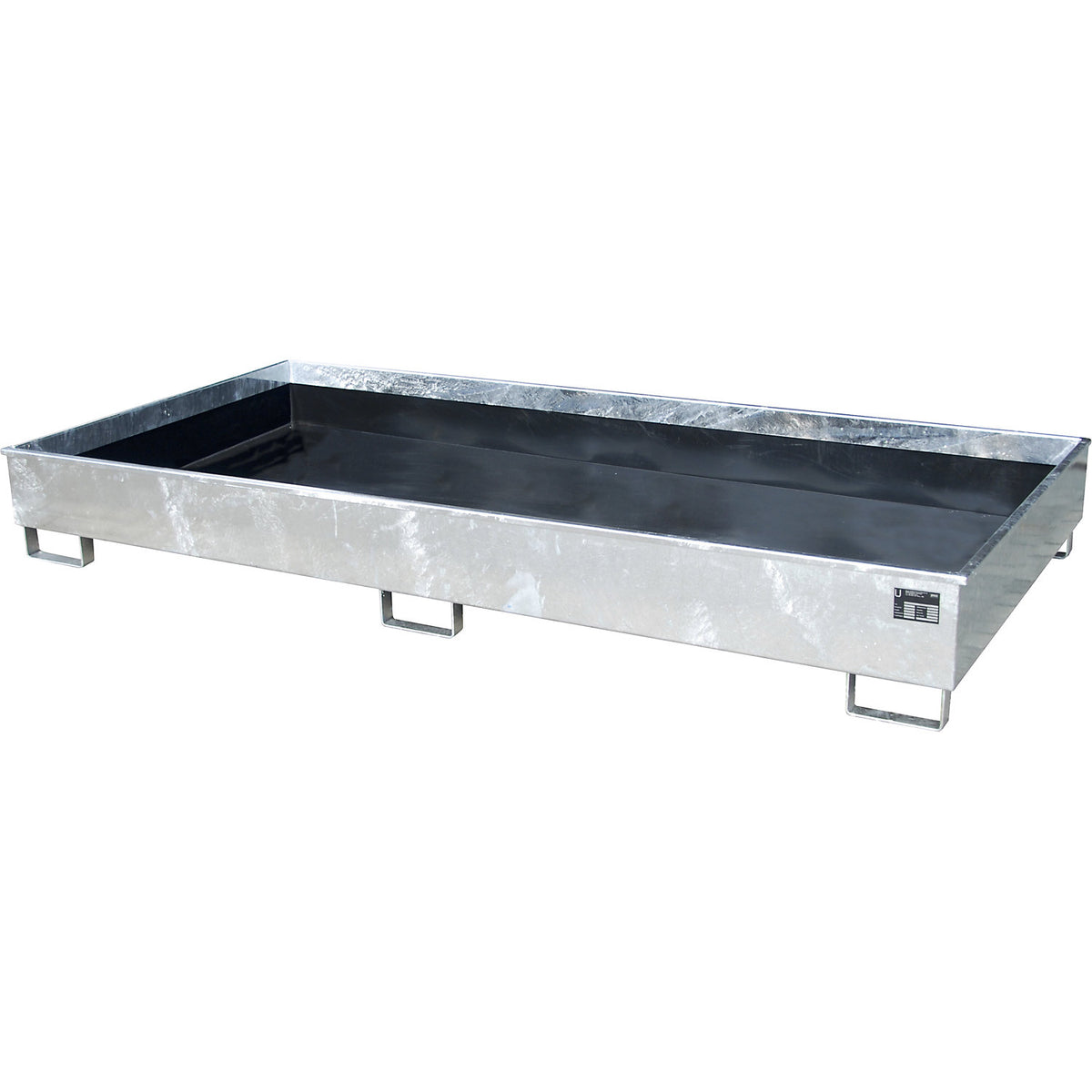 Base sump tray with PE insert, 540 l sump capacity, LxWxH 2665 x 1315 x 305 mm, zinc plated.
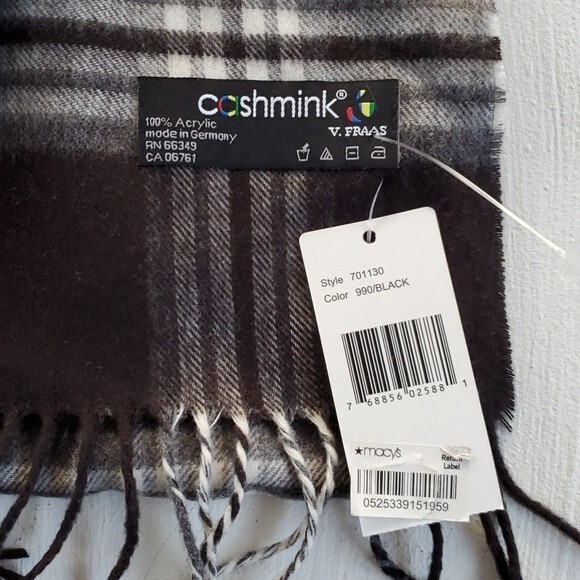 NWT V. FRAAS NOVA CHECK CASHMINK WINTER SCARF BLACK RED WHITE CLASSIC HOLIDAY - Picture 3 of 4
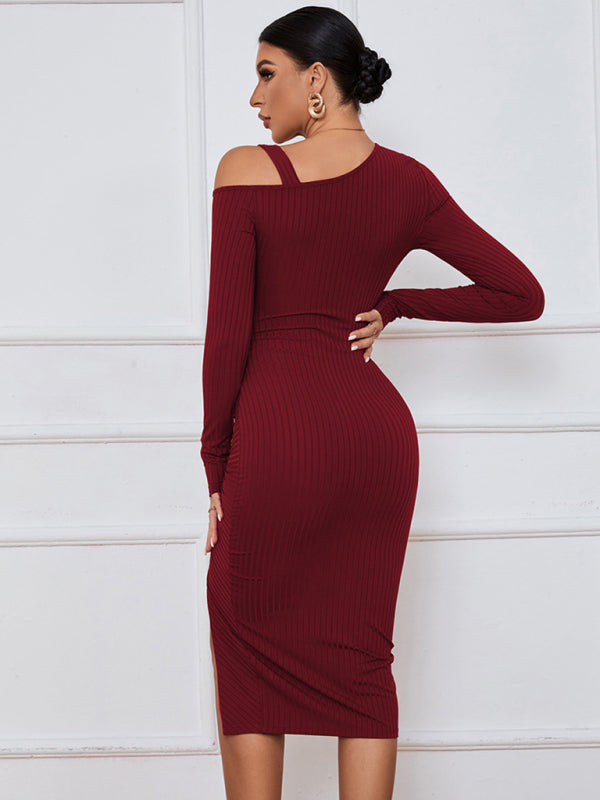 Women’s Long Sleeve Off The Shoulder Neckline Dress With Extra Strap And Front Thigh Leg Slit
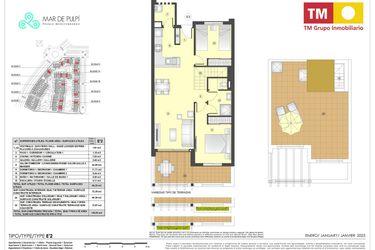Rzut - Mieszkanie na sprzedaż 2 pokoje o powierzchni 73 m² - numer 2B.82 w Mar de Pulpi - Almeria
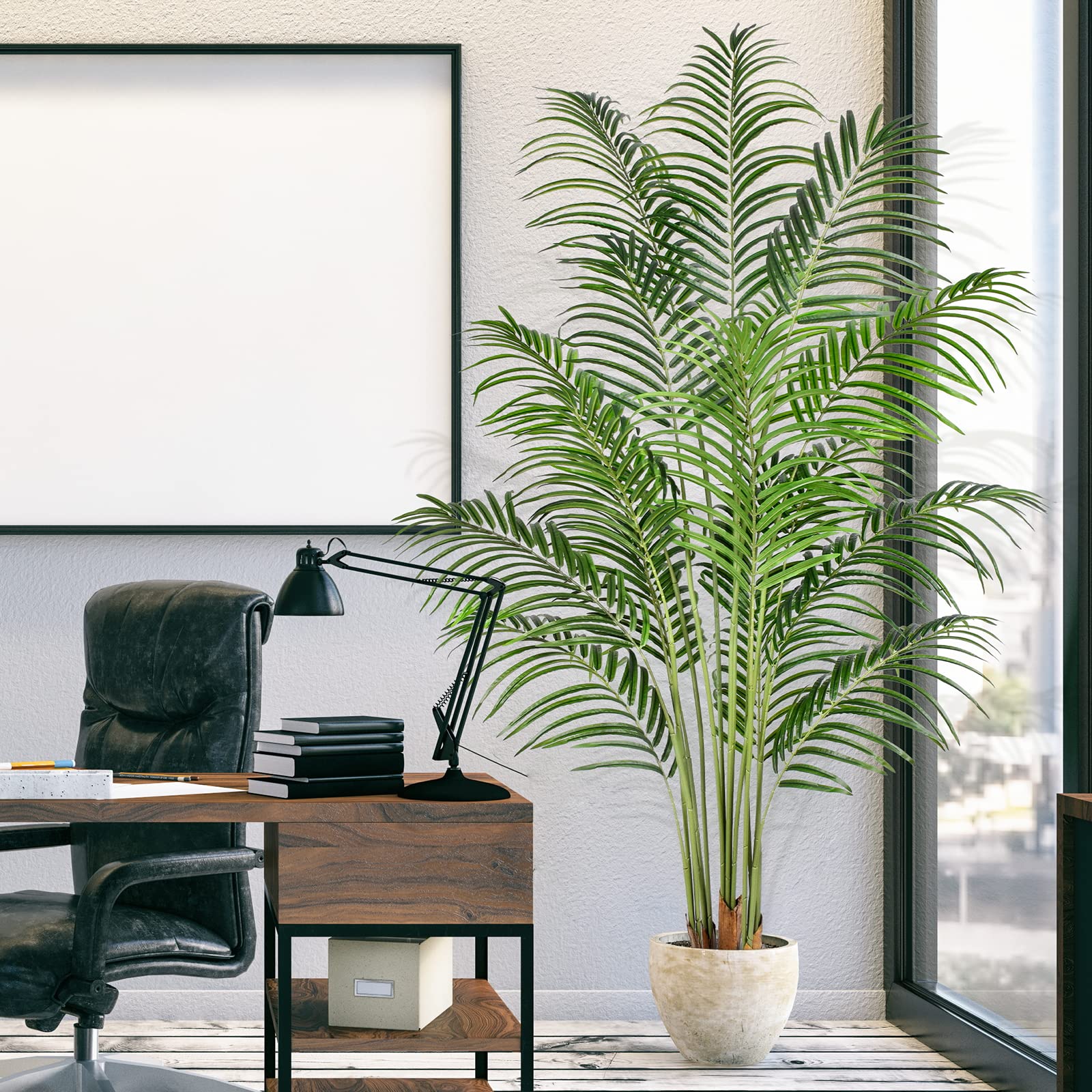Artificial Palm Tree 6ft Tall Fake Palm Tree Indoor Decor with 18 Trunks and Real Bark Design Faux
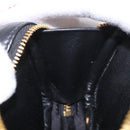 Miu Miu Matelasse Pouch Bag Charm Leather Black Gold Auth 188997M-19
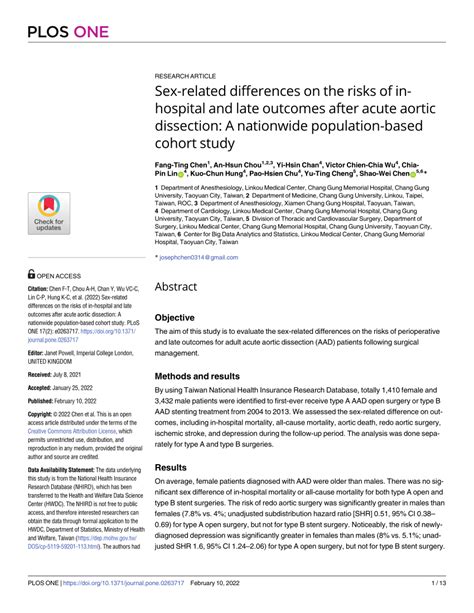 Pdf Sex Related Differences On The Risks Of In Hospital And Late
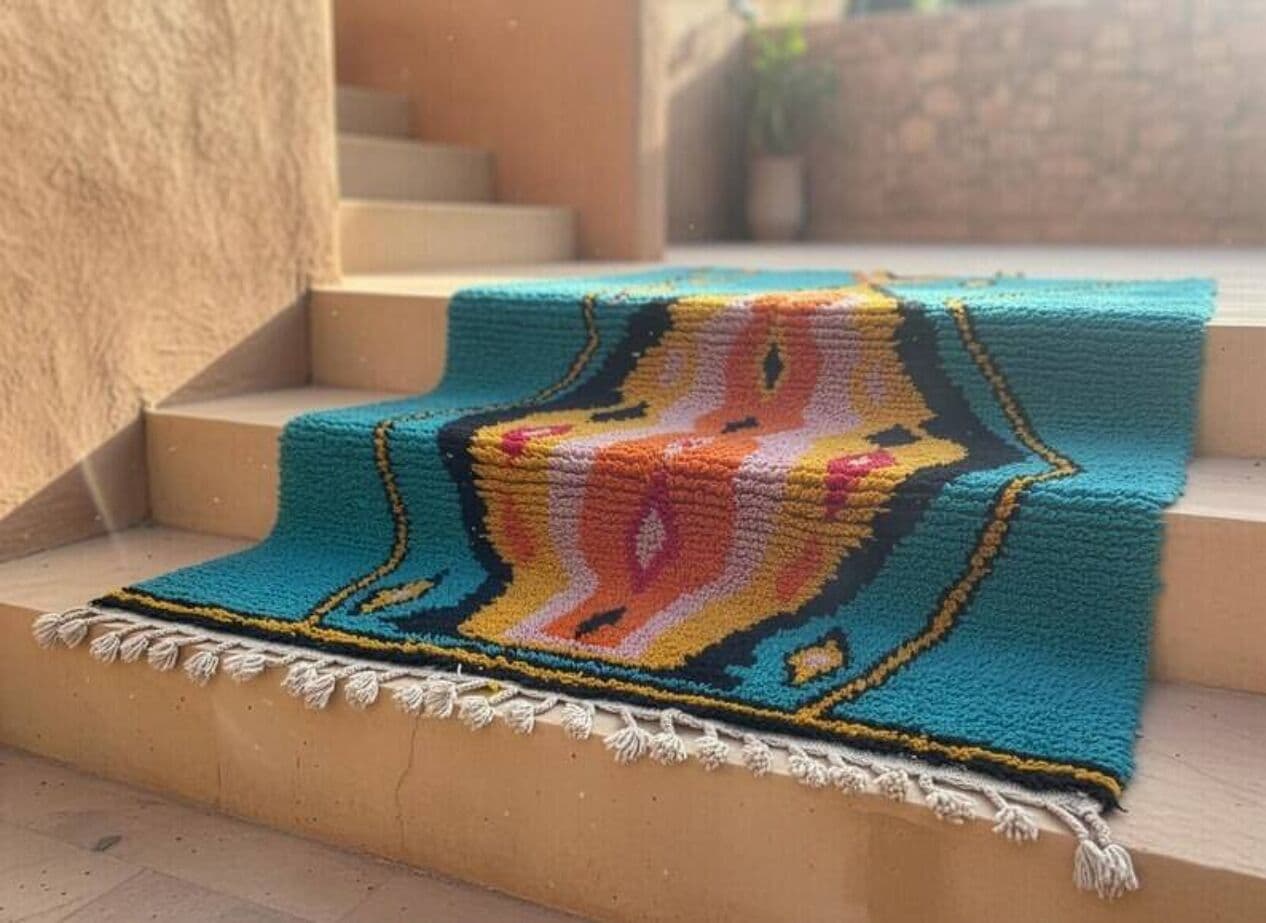 Ręcznie tkany dywan 200x300 cm, wełna, multikolor, Maroko - 201507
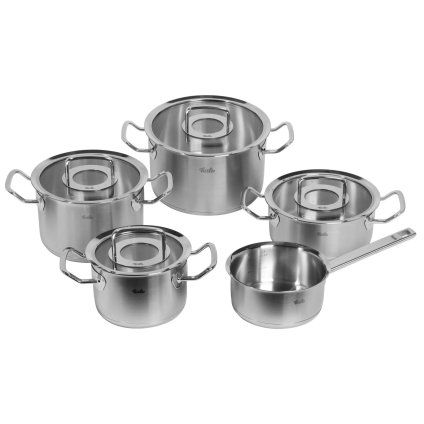 Set posode ORIGINAL PROFI, s ponvijo, set 5 kosov, srebrna, nerjaveče jeklo, Fissler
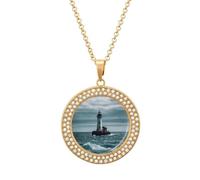 FekiLoot Lighthouse Ocean Pendant Necklaces Non-Tarnish Round Necklace Multicolored Diamond Studded Exquisite Necklace Coin Pendant Fashion Jewelry Necklaces Gifts for Women, One size, Metal, No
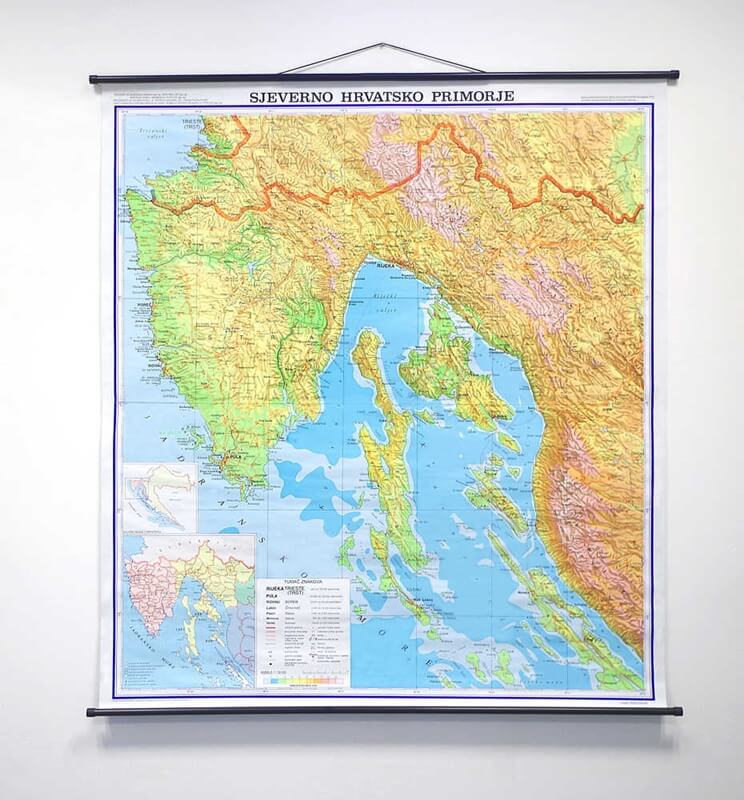 Karta Sjeverno hrvatsko primorje, 120×130 cm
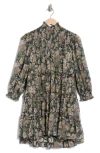 Cinq À Sept Cosmo Flowers Long Sleeve Babydoll Dress In Gray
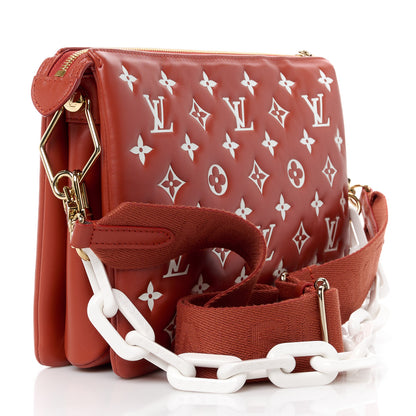 Louis Vuitton Lambskin Embossed Monogram Coussin PM Terracotta Brown 3 of 12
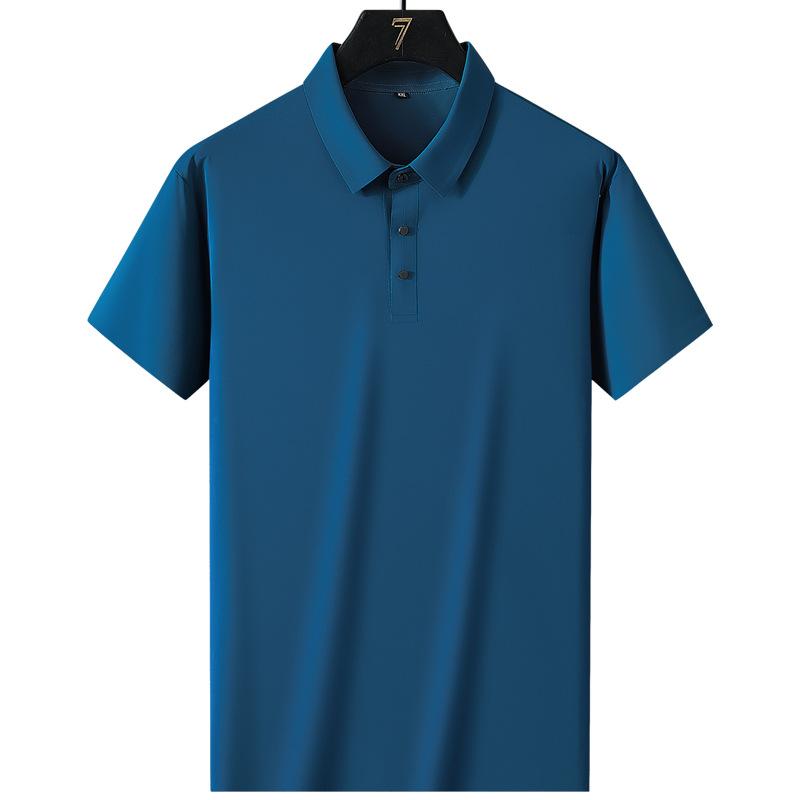 T-shirt 8XL ad asciugatura rapida Manica corta da uomo in seta ghiaccio senza cuciture Polo con risvolto Camicia casual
• • •
* What the task requires
Using the data above, set down each line from the line with "Pdf Sex Related" to the line with "Louis Vuitton Lambskin" exactly, both ends included, and leave the pictures behind. Nothing else belongs.

* Result for this exercise
 Pdf Sex Related Differences On The Risks Of In Hospital And Late
 Ręcznie tkany dywan 200x300 cm, wełna, multikolor, Maroko - 201507
 Set posode ORIGINAL PROFI, s ponvijo, set 5 kosov, srebrna, nerjaveče jeklo, Fissler
 FekiLoot Lighthouse Ocean Pendant Necklaces Non-Tarnish Round Necklace Multicolored Diamond Studded Exquisite Necklace Coin Pendant Fashion Jewelry Necklaces Gifts for Women, One size, Metal, No
 Karta Sjeverno hrvatsko primorje, 120×130 cm
 Cinq À Sept Cosmo Flowers Long Sleeve Babydoll Dress In Gray
 Louis Vuitton Lambskin Embossed Monogram Coussin PM Terracotta Brown 3 of 12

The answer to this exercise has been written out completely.